News

Jul 25, 2013

All-day kindergarten in Woonsocket


STATE HOUSE – Kindergartners in Woonsocket will attend school all day this year, subject to School Committee approval, thanks to money included in the 2014 state budget to fund full-day kindergarten in the city.

Category: News Room
Posted by: Craig

STATE HOUSE – Kindergartners in Woonsocket will attend school all day this year, subject to School Committee approval, thanks to money included in the 2014 state budget to fund full-day kindergarten in the city.

Woonsocket’s legislative delegation announced today that $500,000 was included in the budget to allow the city to hire the necessary staff to provide full-day instruction to all of the more-than 500 kindergartners entering city schools in the fall. The expansion would require the approval of the School Committee.

The city’s legislators, who advocated for the funding all year, said full-day kindergarten is advantageous for local families, whose children will benefit from a stronger start to their education and whose parents will be better enabled to work without having to arrange and pay for day care for half the day for their kindergartners.

“First and foremost, all-day kindergarten is a much-needed academic boost for our city’s children. Studies have shown that full-day kindergarten does a much better job of closing the achievement gap for children than half-day programs do. But it also helps their parents tremendously. It’s very difficult to work when your child needs to get to and from school within a just few hours each morning or afternoon. Half-day kindergartners also need day care for the other half of the day if their parents are working. All-day kindergarten eases logistic and financial pressures on families, and better enables parents to work,” said Rep. Lisa Baldelli Hunt (D-Dist. 49, Woonsocket).

Said Sen. Roger A. Picard (D-Dist. 20, Woonsocket, Cumberland), “There are so many incredible positives to having full-day kindergarten. This means a huge boost in instructional time for students, and many of our students desperately need that exposure. There are many children who are referred for additional services in first or second grade whose struggles aren’t actually related to a disability, but to being unprepared academically, socially and emotionally for school. Kindergarten is designed to give them that foundation, and doubling their time there can really help those students.”

Woonsocket offered full-day kindergarten in the past, but the program was cut back down to a half-day for the 2011-2012 school year in what was intended to be a money-saver for the district. According to Woonsocket Supt.
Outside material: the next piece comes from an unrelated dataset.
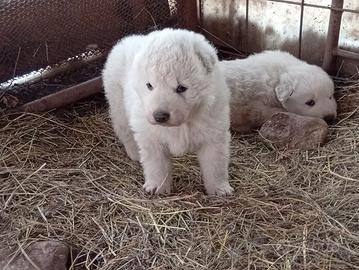 Pastore maremmano abruzzese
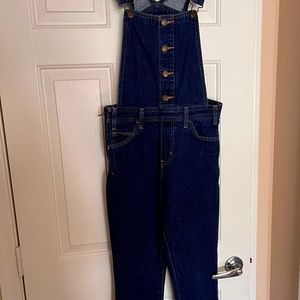 Levi's X Anthropologie Overalls, Cutoff, Size 28 waist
Giovanna M. Donoyan, who was not superintendent when that cut was made in 2010, eliminating full-day kindergarten did not result in local savings, because it came with a corresponding cut in state and federal funding.

But restoring the program will mean a reinstitution of funding the following year, since state education aid is calculated on enrollment figures that will reflect this year’s full-time kindergartners, instead of counting half-day students as half a student for enrollment purposes.
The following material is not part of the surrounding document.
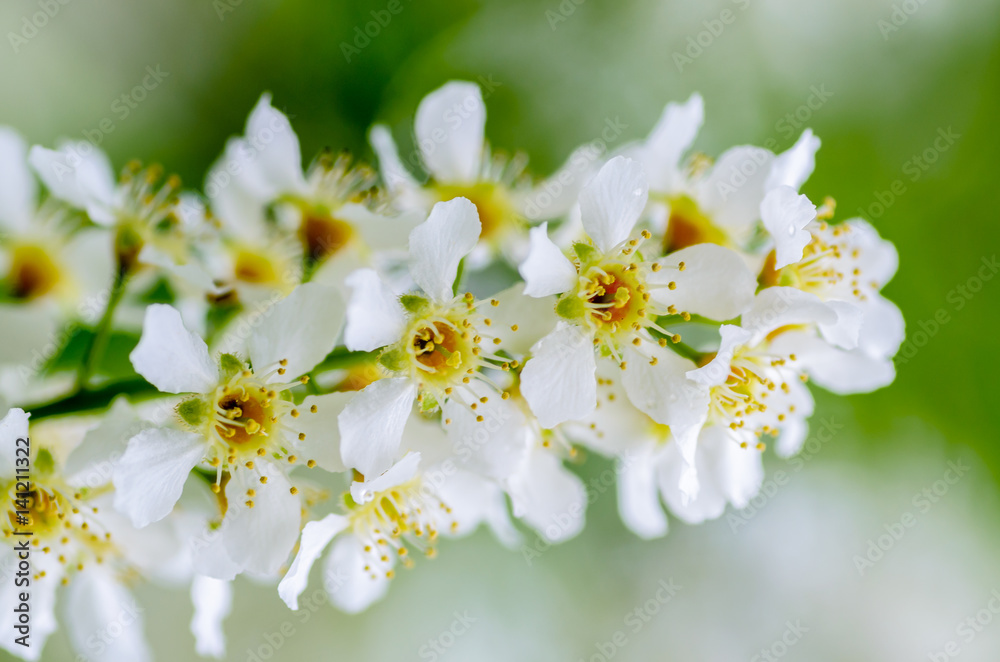 White fragrant flowers of the bird cherry tree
“Restoring full-day kindergarten will bring back much of the funding that we lost as a result of the cuts. Next year, our state aid will be increased because our kindergartners will be counted as full-day students under the school funding formula. This will also allow us to save money on busing, as we won’t need that extra mid-day bus run for kindergartners. To restart the program it was necessary to get this help from the state to cover the first-year expenses, and we’re very grateful we were able to do just that,” said Rep. Stephen M. Casey (D-Dist. 50, Woonsocket). 

Besides helping students, the educational benefits of full-day kindergarten could also help the school department save on special education and remedial services costs.

“If students aren’t prepared for first grade when they leave kindergarten, they’re going to cost more to educate in the following years because they are going to need special services. Full-day kindergarten has also been linked to a reduction in the number of children who have to repeat early elementary grades. Anything that helps students succeed in school is not only good for the children, but also good for our city,” said Rep. Robert D. Phillips (D-Dist. 51, Woonsocket, Cumberland). 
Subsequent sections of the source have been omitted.